(Records from a data collection)
· · · ·
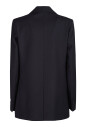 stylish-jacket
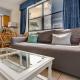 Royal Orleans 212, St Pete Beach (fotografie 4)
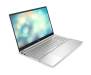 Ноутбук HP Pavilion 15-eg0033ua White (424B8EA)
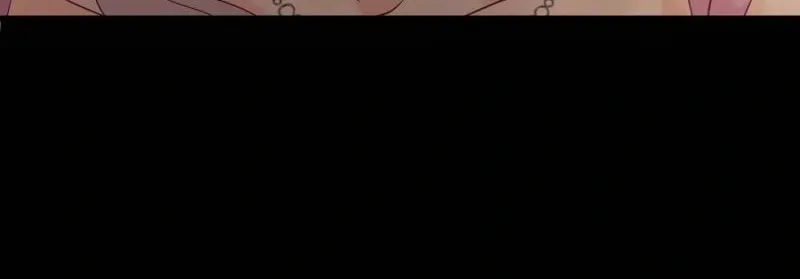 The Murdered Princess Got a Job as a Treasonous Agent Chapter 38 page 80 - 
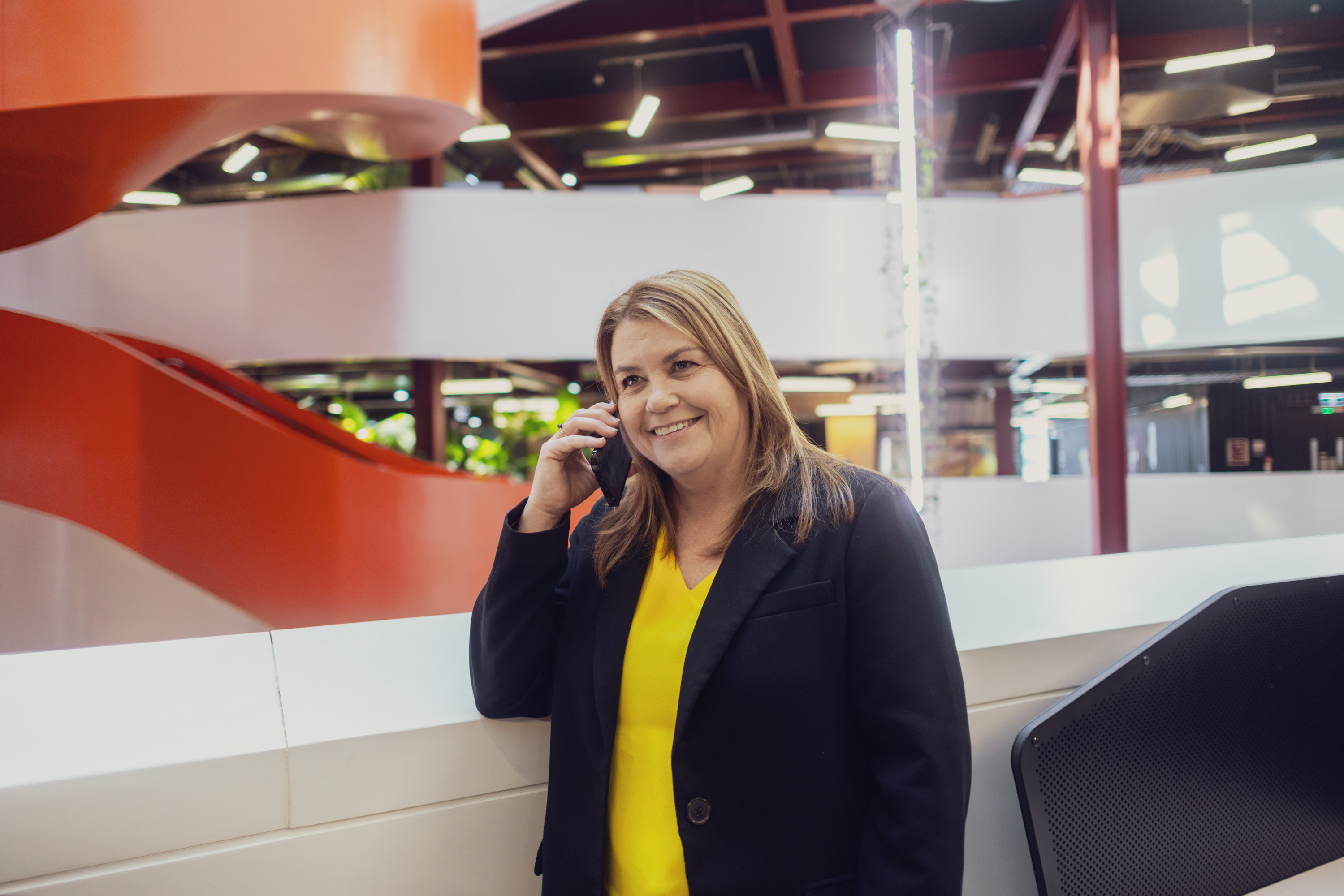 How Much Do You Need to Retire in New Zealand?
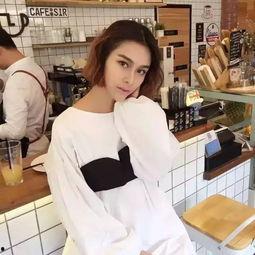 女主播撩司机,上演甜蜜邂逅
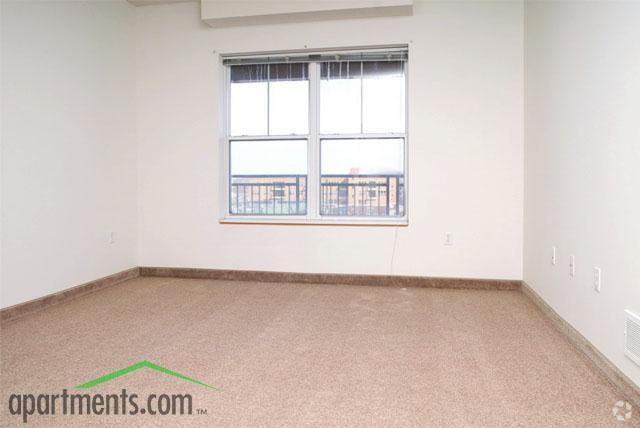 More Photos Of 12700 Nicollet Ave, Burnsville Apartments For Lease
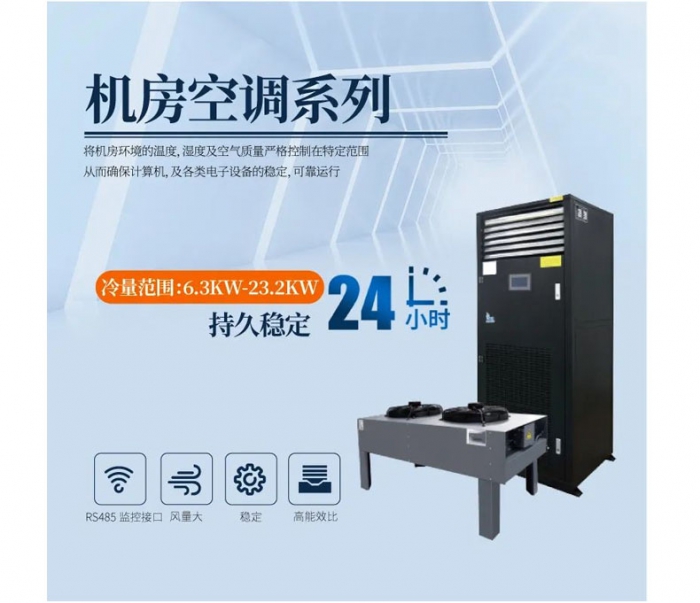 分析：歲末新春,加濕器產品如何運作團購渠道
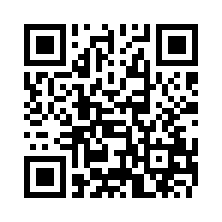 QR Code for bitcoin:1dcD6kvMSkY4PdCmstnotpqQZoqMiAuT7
· · · ·
→ What you will do
Without the pictures, repeat exactly the lines running from the line containing "How Much Do" through the end of the data, both ends included.

→ Written solution
 How Much Do You Need to Retire in New Zealand?
 女主播撩司机,上演甜蜜邂逅
 More Photos Of 12700 Nicollet Ave, Burnsville Apartments For Lease
 分析：歲末新春,加濕器產品如何運作團購渠道
 QR Code for bitcoin:1dcD6kvMSkY4PdCmstnotpqQZoqMiAuT7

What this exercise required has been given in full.